Still working on lisp recipes and idioms.

I have a list like this:

((a b c) (d e f) nil (g h))

I'd like to consolidate that to one list,

(a b c d e f g h)

Seems like there oughta be a one-liner for that.

+2  A: 
(apply #'append '((a b c) (d e f) (g h i)))

or

(loop for outer in '((a b c) (d e f) (g h i))
      nconcing (loop for inner in outer collecting inner))
Dirk
Perfect! - just what I needed.
Cheeso
`nconc` (and `mapcan`) can be bad for your health.
Eli Barzilay
@eli: Certainly. But in the loop above it's fine, or is it? The inner loop returns fresh lists, so `nconc`ing is ok.
Dirk
Dirk: Yes, I should have read this more carefully, and then put my comment next to Rainer's answer instead...
Eli Barzilay
@Eli why nconc is bad?
Yongwei Xing
@Yongwei Xing: Because it destructively modifies its arguments.

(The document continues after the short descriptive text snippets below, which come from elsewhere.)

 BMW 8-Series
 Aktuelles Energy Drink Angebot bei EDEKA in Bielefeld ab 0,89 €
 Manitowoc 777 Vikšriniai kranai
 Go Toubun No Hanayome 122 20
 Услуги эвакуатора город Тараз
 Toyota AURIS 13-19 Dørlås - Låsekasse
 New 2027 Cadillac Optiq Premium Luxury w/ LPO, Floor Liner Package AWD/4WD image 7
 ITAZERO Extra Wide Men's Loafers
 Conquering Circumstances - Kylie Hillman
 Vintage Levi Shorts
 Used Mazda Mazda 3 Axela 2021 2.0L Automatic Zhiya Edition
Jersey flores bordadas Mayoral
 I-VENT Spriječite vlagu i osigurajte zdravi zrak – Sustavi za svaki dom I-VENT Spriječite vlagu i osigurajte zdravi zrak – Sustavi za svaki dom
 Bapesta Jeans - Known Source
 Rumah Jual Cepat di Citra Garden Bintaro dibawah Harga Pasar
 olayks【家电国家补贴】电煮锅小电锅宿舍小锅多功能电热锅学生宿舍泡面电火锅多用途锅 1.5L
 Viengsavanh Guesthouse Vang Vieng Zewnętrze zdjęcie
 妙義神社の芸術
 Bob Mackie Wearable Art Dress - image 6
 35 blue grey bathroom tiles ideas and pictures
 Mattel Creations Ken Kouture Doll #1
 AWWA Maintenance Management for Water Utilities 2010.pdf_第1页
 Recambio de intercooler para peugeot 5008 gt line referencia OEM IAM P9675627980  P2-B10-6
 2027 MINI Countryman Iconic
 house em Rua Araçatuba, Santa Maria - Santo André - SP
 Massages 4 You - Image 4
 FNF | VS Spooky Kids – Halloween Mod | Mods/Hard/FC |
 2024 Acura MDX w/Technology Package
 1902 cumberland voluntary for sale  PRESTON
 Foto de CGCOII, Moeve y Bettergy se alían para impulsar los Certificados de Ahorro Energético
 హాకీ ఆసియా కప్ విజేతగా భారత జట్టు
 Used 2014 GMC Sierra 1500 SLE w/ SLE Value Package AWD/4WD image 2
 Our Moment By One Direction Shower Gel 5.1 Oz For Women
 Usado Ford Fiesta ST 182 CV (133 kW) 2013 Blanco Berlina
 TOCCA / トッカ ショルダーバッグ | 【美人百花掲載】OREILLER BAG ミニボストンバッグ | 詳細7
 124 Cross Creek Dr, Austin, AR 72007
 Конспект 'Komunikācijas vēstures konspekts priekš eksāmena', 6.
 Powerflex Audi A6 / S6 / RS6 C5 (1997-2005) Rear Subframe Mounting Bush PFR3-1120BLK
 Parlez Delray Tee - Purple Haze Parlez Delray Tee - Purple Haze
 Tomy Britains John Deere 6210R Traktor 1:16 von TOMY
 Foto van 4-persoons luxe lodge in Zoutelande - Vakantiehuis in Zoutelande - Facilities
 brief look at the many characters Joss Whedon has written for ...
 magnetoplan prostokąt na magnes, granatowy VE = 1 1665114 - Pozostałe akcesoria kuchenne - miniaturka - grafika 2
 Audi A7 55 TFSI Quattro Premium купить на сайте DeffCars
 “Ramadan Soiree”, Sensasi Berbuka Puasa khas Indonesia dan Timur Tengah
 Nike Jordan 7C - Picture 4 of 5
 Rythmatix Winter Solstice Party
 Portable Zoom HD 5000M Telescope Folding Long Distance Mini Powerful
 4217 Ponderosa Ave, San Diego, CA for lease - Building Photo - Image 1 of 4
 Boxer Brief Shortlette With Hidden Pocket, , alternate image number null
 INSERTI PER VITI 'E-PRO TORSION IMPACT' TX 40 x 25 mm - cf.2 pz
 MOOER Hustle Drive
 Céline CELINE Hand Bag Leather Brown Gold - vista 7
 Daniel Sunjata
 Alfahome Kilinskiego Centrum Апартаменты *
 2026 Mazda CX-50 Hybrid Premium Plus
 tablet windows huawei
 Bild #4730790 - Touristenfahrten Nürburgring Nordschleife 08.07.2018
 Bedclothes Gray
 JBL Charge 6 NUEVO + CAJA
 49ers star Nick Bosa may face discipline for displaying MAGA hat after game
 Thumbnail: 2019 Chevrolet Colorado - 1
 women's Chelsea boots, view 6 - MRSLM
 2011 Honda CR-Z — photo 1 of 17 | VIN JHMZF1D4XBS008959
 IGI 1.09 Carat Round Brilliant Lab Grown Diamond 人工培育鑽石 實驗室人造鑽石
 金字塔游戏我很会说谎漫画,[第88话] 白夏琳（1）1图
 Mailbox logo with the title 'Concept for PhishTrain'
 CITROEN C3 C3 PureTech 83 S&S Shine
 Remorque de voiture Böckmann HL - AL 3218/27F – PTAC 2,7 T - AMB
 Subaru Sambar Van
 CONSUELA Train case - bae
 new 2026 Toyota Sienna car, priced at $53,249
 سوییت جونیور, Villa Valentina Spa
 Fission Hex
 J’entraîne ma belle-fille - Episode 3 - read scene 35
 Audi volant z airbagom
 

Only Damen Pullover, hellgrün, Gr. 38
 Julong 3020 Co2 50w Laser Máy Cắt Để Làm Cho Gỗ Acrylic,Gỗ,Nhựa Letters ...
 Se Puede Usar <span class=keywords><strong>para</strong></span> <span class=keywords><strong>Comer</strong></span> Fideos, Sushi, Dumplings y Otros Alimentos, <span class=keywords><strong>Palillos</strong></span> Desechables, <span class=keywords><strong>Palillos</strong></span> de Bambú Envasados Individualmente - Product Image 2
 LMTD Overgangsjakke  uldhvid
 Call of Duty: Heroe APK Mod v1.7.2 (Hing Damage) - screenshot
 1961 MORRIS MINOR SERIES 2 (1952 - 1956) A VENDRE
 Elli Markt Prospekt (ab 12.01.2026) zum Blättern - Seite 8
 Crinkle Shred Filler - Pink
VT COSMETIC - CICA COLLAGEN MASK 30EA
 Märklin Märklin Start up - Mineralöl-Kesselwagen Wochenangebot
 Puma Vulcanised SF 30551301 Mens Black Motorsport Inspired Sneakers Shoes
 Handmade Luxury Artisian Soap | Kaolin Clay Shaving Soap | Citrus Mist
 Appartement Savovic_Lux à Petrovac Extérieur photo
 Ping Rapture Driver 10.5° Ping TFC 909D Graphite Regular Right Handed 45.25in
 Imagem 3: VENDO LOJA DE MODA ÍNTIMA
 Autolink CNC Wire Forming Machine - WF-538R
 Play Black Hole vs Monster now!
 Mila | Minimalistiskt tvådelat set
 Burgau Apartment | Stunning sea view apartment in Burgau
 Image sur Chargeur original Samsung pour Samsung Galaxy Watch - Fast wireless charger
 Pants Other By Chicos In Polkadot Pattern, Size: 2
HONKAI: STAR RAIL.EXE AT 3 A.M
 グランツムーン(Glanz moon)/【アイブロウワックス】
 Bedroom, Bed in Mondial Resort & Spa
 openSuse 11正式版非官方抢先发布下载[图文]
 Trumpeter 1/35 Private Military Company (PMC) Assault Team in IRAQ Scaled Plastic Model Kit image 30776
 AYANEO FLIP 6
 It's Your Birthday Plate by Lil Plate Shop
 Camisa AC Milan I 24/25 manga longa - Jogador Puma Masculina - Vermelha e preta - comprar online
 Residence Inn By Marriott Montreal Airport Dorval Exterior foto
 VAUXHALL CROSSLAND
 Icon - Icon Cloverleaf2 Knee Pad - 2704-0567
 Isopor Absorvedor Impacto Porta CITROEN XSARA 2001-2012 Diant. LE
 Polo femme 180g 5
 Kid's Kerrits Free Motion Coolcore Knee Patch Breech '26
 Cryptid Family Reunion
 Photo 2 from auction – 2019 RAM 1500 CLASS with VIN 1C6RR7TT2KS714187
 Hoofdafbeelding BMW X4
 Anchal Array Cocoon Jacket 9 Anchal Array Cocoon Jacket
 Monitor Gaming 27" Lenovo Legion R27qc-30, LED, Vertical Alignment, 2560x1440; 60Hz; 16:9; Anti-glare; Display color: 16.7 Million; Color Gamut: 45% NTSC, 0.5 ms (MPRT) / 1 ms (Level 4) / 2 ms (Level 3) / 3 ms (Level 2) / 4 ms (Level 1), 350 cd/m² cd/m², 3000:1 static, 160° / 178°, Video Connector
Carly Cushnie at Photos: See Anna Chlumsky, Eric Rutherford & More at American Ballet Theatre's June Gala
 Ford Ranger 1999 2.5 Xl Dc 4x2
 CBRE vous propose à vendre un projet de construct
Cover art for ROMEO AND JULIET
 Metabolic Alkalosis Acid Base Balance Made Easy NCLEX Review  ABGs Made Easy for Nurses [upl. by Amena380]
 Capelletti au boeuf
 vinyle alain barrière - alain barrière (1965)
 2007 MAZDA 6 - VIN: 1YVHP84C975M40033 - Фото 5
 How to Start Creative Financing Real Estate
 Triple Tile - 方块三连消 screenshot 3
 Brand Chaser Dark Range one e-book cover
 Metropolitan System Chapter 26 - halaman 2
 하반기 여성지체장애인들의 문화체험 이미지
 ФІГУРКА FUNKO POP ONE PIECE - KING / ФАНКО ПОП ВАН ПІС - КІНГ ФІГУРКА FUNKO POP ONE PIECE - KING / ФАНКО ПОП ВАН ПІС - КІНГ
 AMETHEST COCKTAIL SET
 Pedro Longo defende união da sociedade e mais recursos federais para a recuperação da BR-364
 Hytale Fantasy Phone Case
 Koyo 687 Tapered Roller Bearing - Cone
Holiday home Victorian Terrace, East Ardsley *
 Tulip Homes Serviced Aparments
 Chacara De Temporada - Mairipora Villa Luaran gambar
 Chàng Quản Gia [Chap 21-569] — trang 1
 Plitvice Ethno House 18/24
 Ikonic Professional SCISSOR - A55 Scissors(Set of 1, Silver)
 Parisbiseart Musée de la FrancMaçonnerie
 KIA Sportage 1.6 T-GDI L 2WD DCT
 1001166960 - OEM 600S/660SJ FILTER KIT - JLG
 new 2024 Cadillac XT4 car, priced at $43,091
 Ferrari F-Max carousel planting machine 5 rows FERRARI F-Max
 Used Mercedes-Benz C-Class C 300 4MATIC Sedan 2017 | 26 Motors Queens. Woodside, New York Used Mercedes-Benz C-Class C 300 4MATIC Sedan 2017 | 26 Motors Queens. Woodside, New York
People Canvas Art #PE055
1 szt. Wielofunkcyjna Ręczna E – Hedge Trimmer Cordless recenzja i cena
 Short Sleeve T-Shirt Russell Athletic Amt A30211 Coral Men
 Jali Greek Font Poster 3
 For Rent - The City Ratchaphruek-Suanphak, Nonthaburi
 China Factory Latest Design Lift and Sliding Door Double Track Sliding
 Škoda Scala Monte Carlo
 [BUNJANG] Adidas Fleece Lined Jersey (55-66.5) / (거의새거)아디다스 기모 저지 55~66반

This is usually a bad idea, unless you know exactly that nobody else has access to the very same data structure. Here it should be fine, as the inner loop produces fresh lists, to which nobody but the outer loop can have reference to.
Dirk
+1  A: 

That's a typical homework question. Generally this operation is called FLATTEN (which flattens lists on all levels).

(mapcan #'copy-list '((a b c) (d e f) nil (g h)))

The APPLY variant has the problem that it may run into the CALL-ARGUMENTS-LIMIT when there are more sublists than CALL-ARGUMENTS-LIMIT.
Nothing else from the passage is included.